Abstract

Arrangement of plant leaves around the stem, termed phyllotaxis, exhibits beautiful and mysterious regularities and has been one of the most attractive subjects of biological pattern formation. After the long history of studies on phyllotaxis, it is now widely accepted that the inhibitory effect of existing leaf primordia on new primordium formation determines phyllotactic patterning. However, costoid phyllotaxis unique to Costaceae of Zingiberales, displaying spiromonostichy characterized by a steep spiral with a small divergence angle, seems to disagree with the inhibitory effect-based mechanism and has remained as a "genuine puzzle". We developed a new mathematical model, hypothesizing that each leaf primordium exerts not only the inhibitory effect but also some inductive effect. Computer simulations with the new model successfully generated a spiromonostichous pattern when these two effects met a certain relationship.

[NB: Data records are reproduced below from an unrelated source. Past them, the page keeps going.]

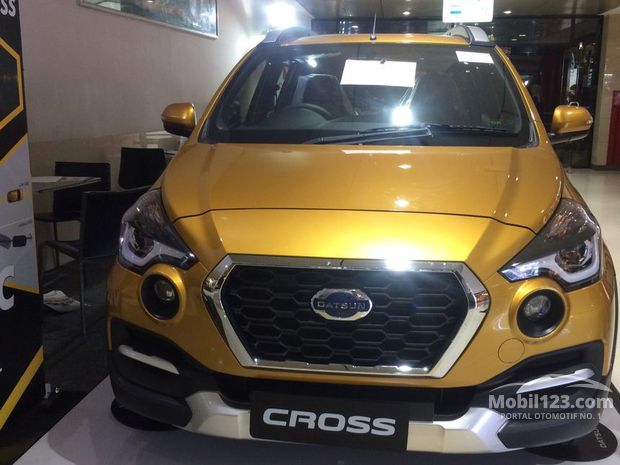 Datsun Cross Mobil Bekas Baru dijual di Indonesia - Dari 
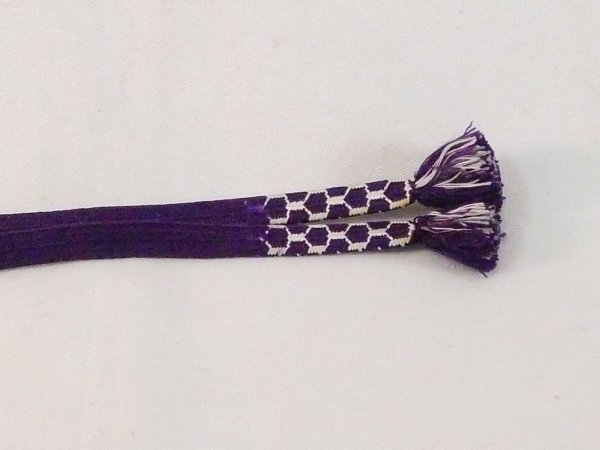 Photo3: N1025XD Vintage Japanese Kimono  Dark Purple HAORIHIMO ties Tortoise-shell pattern(Hexagonal pattern) Silk. (Grade B) (3)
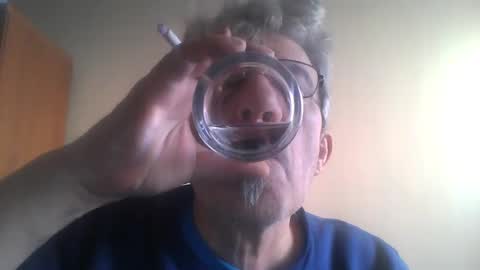 pipi2704 online show from December 22, 2024, 11:22 am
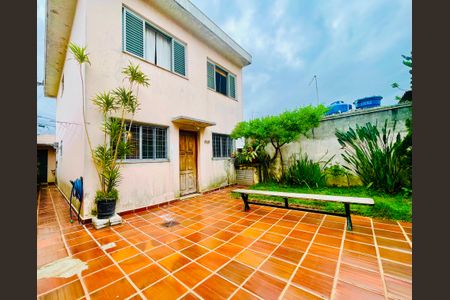 Casa à venda com 211m², 4 quartos e 2 vagas Casa à venda com 211m², 4 quartos e 2 vagasQuintal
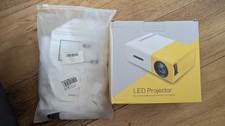 Mini Portable LED Pocket Projector + Projection Screen / New - never used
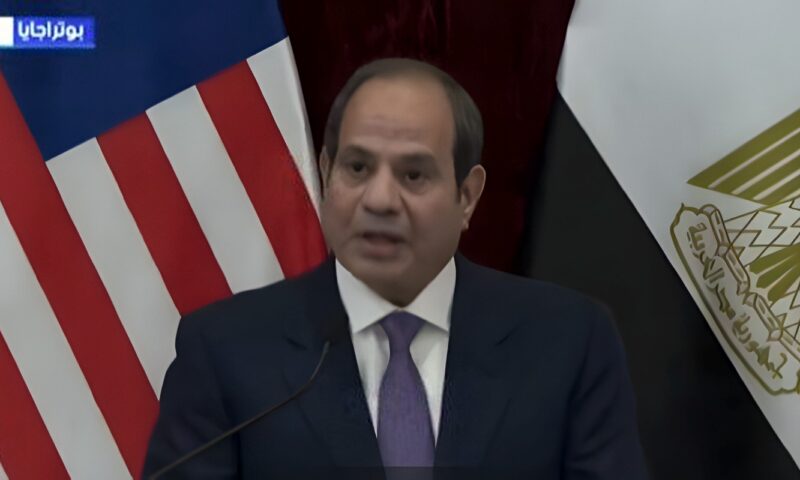 الرئيس السيسي يدعو رئيس وزراء ماليزيا لزيارة مصر خلال الفترة المقبلة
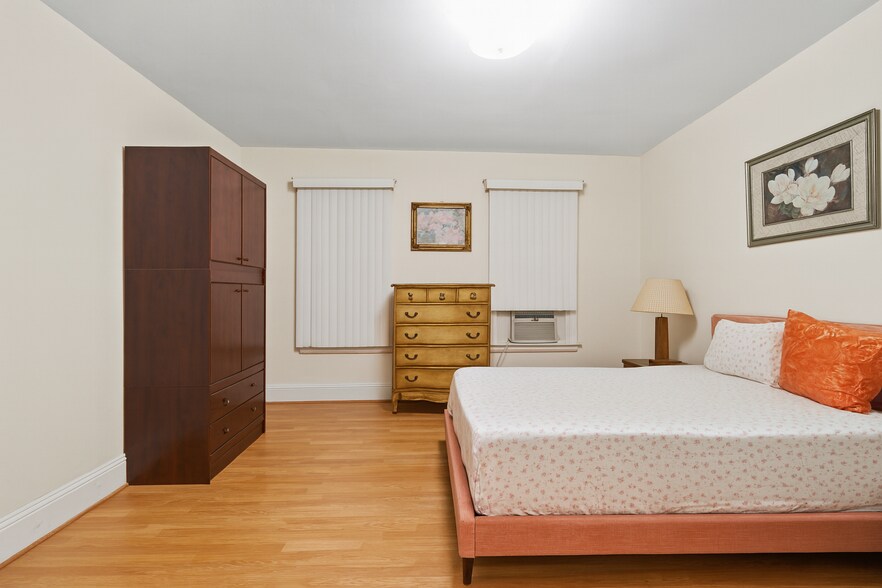 More Photos Of 350 E 193rd St, Bronx Apartments For Sale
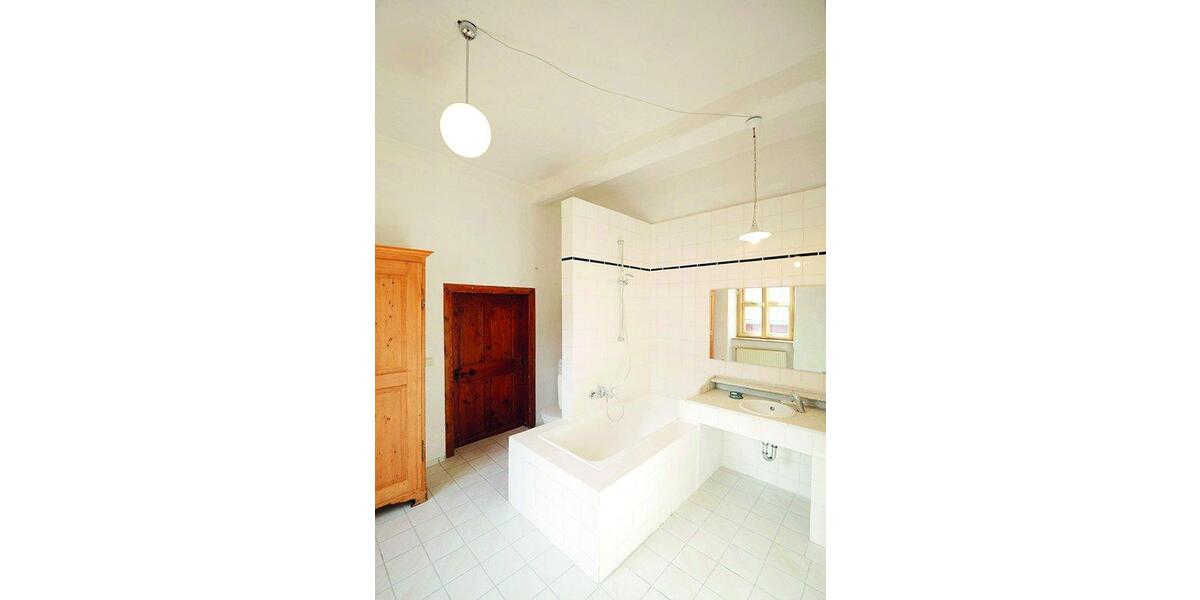 Etagenwohnung Adorf/Vogtland Vogtland - 4 Zimmer, 97 m&sup2;, 698&euro; | Angebot:26236766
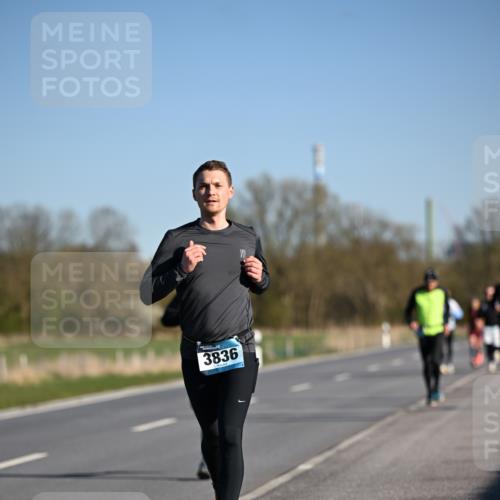 06.04.2025 - 44. Internationalen Wilhelmsburger Insellauf Dr. Thomas Lammeyer http://msf.ph/oto/7550926 06.04.2025 09:23:26 Laufen 3836 meine-sportfotos.de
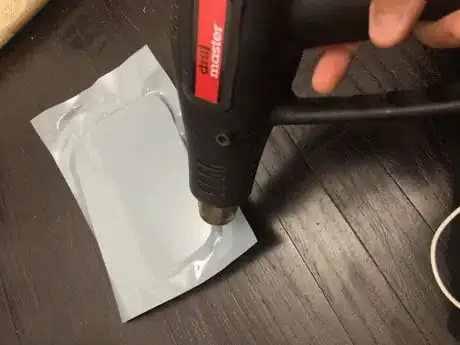 Image titled HEATGUNING CORNERS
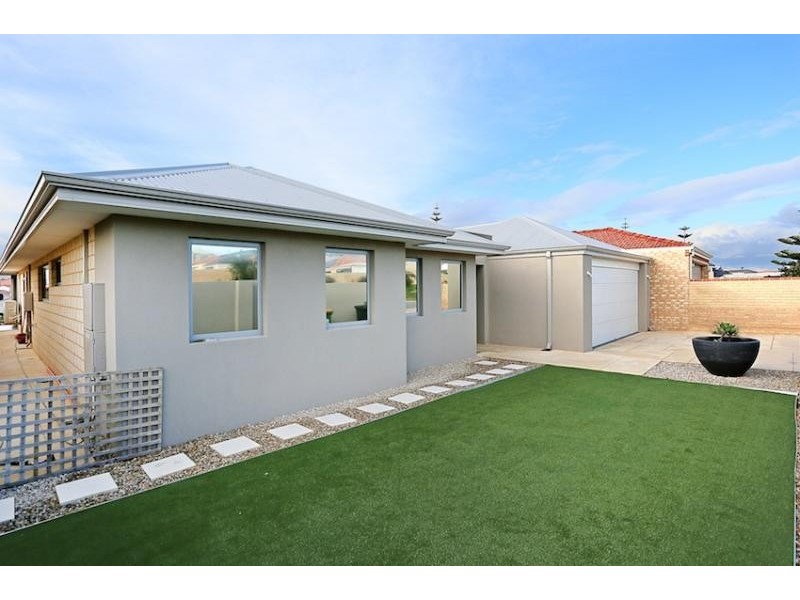 6 Alexis Circle, Wannanup WA 6210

The obtained spiromonostichy matched the real costoid phyllotaxis observed with Costus megalobractea, particularly for the decrease of the divergence angle associated with the enlargement of the shoot apical meristem. The new model was also shown to be able to produce a one-sided distichous pattern that is seen in phyllotaxis of a few plants of Zingiberales and has never been addressed in the previous model studies. These results implicated inductive as well as inhibitory mechanisms in phyllotactic patterning, at least in Zingiberales.